Objectivité du moment

Regard objectif porté sur soi

 

 

Ratures, barrer son écriture.

S’effacer en le faisant.

Chercher la rime qui dure.

La chercher en se mentant.

 

Ne pas vouloir y recourir, à la rime.

Dans cet immeuble on entend tout.

Les murs n’empêchent que de voir plus loin.

Les murs sont des oreilles, ici.

Ne pas oser utiliser le jeu, celui du je.

Ne pas vouloir se masquer derrière un je qui serait fiction de sa réalité.

Et qui aiderait le je véritable à être.

 

Il faut, un jour, se décider à écrire pour de vrai. Et si commencer à écrire pour de vrai, c’était commencer à vivre pour de vrai.

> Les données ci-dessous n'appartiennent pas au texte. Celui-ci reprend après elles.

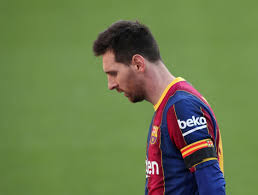 Messi se toca el tobillo izquierdo después del duro golpe que recibió de fabra. Tras Lesion En El Tobillo Barcelona Jugara Sin Messi Contra Eibar El Economista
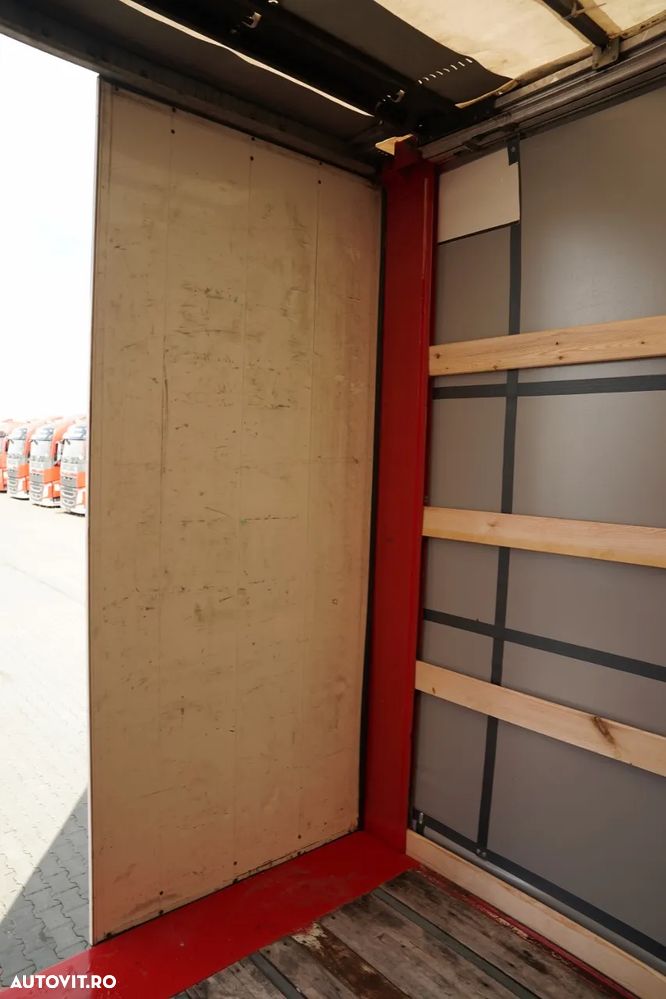 Fruehauf / SEMIREMORCĂ CU PRELATĂ (CURTAINSIDER) / TRANSPORT PALETI / PLATFORMĂ HIDRAULICĂ DHOLLANDIA - 2.000 KG / PODEA REZISTENTĂ (HEAVY-DUTY) / AXĂ LIFTABILĂ / AXE SAF / - 22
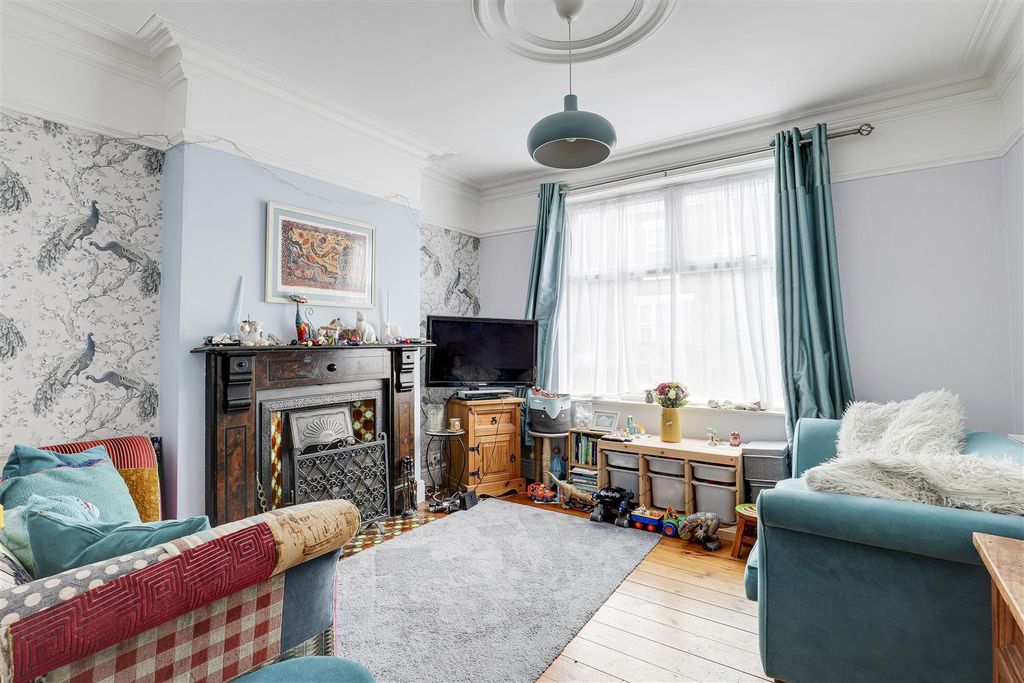 Property photo 2 of 16 5428.Jpg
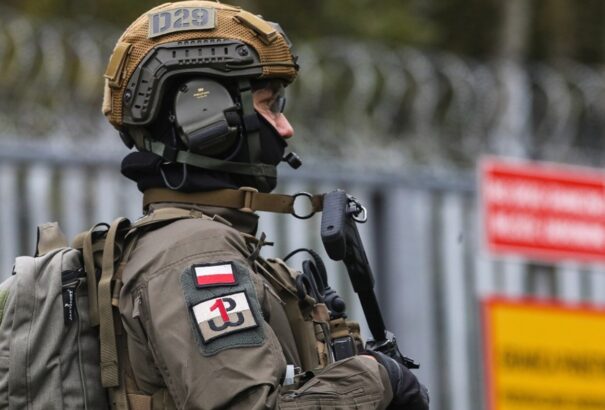 Naponta több száz illegális migránst tartóztat fel a lengyel határőrség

Cette expression : vivre pour de vrai, entendu comme une question, est le début de tout problème.

Je ne dois pas avoir décidé de me mettre à écrire pour de vrai. Est-ce que les gens ont envie de lire mettons 100 pages d’auto-flagélation, de vomissure ? Oui, si c’est bien écrit, tout est dans la forme, dans la façon de le dire. Comment est-ce possible, lorsque : d’un côté on se fout du style, et de l’autre, on est sans cesse le cherchant ?

_Arrête de te prendre la tête ! Disait l’autre, gentiment, mais l’air dégoûté.

_C’est difficile, tu comprends… Disait-il, entre ses dents.

_Non, je ne comprends rien, comment pouvais-je, tu ne sais pas t’exprimer (expression du visage vide).

_En effet. J’abdique trop facilement. Je persévère trop aussi. Je brûle mon temps, chaque seconde de ma vie est une allumette craquée. Je suis un incendiaire, un pyromane, frigorifié, terrifié, gardant son sourire niais, quoi qu’il se passe. J’utilise il au lieu de je. Il utilise je au lieu de rien, ça n’a pas de sens.

_Je ne te comprends pas. Nous pourrions parler des heures durant, je ne trouverais que ça à te répondre, je ne te comprends pas. Tu es vide de sens. Tu es déboussolé, tu as perdu le nord, et par la même, bien évidemment cela va sans dire, toute direction possible. Tu ne sais plus te repérer !

_Merci de me le dire. Je suis au courant. C’est bien utile de parler avec des gens si c’est pour les entendre dire la seule chose dont je sois sûr.

_Enfin ! C’est ta faute, c’est toi qui le veux. C’est ta façon d’être, tes propos, toute ta personne qui les entraîne à dire ce genre de choses.

C’était le genre de discussion qui pouvait se passer n’importe où, celle dont il est question en ce moment, elle se passe nulle part, elle n’a pas de réalité, elle est une fiction. Une auto-fiction bien réelle, se passant sur mon canapé. Je ris jaune en ce moment, je reflète les murs. 12H10. Une baguette chinoise à ma droite, un plafond bas, très bas, tellement bas qu’il me courbe, m’aplati. Je lis un magasine vide de sens. Des articles qui m’intéresse uniquement parce que je cherche à tuer mon temps.

Devant moi, devant moi la télé, qui crache sa dose de médiocrité. Je n’arrive même plus à les blâmer. Je me contente de regarder, et d’entendre, réfléchissant leurs sourires, mais le mieux est autre, conjuré par le sort. Il y a trois mois, j’étais ailleurs. Parti faire des courses au supermarché. Traînant les semelles, un panier rouge pour mettre dedans le plus possible de choses à acheter. Je croise des gens, je les envie un peu, ils ont l’air heureux. J’en ai l’air aussi . Je suis là, à traîner mes semelles, je suis las. C’est pourquoi j’ai mis tant de temps à rentrer. J’étais à pied et j’étais trop charger.